Faculté de psychologie et des sciences de l’éducation
Université de Genève
1998

Le schéma annexé met en évidence une interaction entre un public diversifié et un mode de traitement de ces différences. Pour aller plus loin, il faut analyser chacune des grandes " boîtes ". Pour ne pas se perdre dans l’inventaire, quelques grands axes théoriques.

Le poids des différences culturelles…

1. Le curriculum de l’enseignement obligatoire a été défini, historiquement, par le clergé et l’État, à partir de la conception de la culture et de l’enseignement prévalant dans les classes au pouvoir au cours des siècles derniers ; le curriculum se trouvait et se trouve encore sous le contrôle de groupes sociaux qui font de leurs propres valeurs, de leurs propres savoirs et de leur propre rapport au savoir le modèle de LA culture " générale " ; si bien que le chemin à parcourir, pour s’approprier la culture scolaire, n’est pas du tout le même selon qu’elle se trouve dans le prolongement de la culture familiale ou lui est au contraire étrangère.

2. Par le fait même qu’ils ont été en moyenne plus longuement scolarisés et se sont appropriés plus complètement les savoirs et savoir-faire enseignés, les adultes appartenant aux classes supérieures et moyennes transmettent à leurs enfants un héritage culturel et une image de la culture qui présentent de nombreuses parentés avec les contenus de l’enseignement et les normes d’excellence scolaire.

3. Cette inégale distance à la culture et à la norme scolaires se double d’une inégale identification de la réussite sociale à la réussite scolaire, de l’accomplissement personnel à l’appropriation de savoirs et savoir-faire scolaires, de l’estime de soi au sentiment d’appartenance à l’élite cultivée ; dans la mesure où les classes privilégiées vivent le curriculum comme une forme scolarisée de leur culture, la scolarisation leur paraît l’extension " naturelle " de l’éducation familiale et la réussite scolaire de leurs enfants le plus sûr moyen de garantir la transmission de l’héritage.

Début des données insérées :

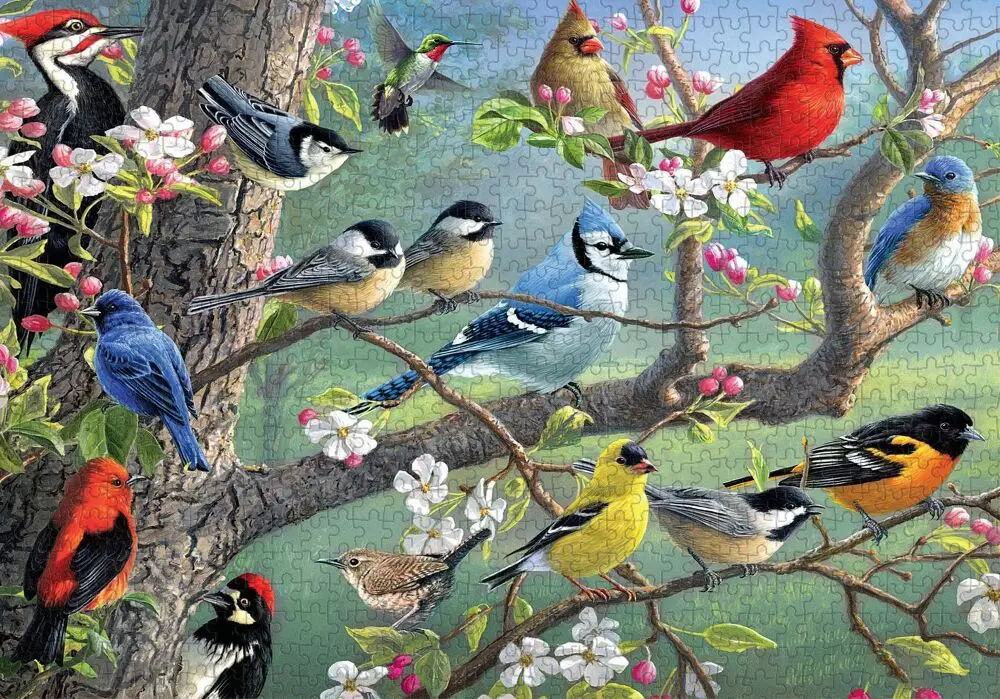 Puzzle oiseaux dans le jardin de fruits en bois, 1000 pièces, carte blanche, jouets éducatifs pour enfants et adultes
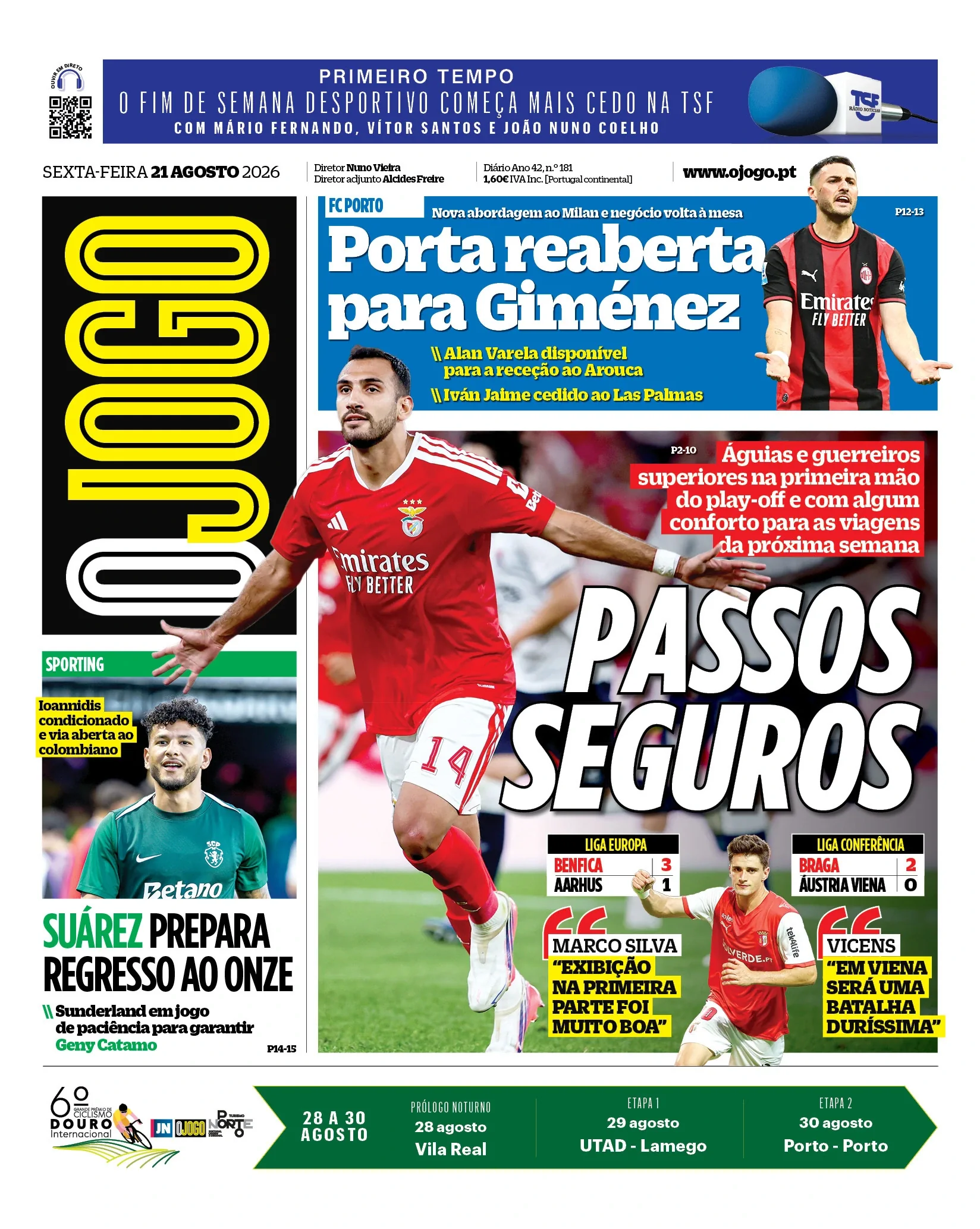 Capa do O Jogo de sexta-feira, 21 de agosto de 2026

4. L’effet de cette proximité et de cette identification sont renforcés par l’ensemble des ressources matérielles et symboliques que les classes privilégiées peuvent mettre à la disposition de leurs enfants : conditions de travail optimales, moyens matériels (jeux, livres, ordinateurs), aide des parents, recours aux leçons particulières, stages de langues, etc.

5. A quoi il faut ajouter l’inégale capacité stratégique des familles à se dégager du " piège scolaire " (Berthelot, 1983) : choix des maîtres, des établissements, du privé ou du public, de telle ou telle filière selon la conjoncture locale et l’évolution des mécanismes de sélection ; capacité de gérer la relation avec les enseignants, de négocier l’évaluation, de guider l’investissement dans le travail scolaire en fonction des branches ou des moments les plus rentables ; connaissance des filières, des diplômes et des débouchés ; capacité de piloter la carrière en fonction d’objectifs à long terme.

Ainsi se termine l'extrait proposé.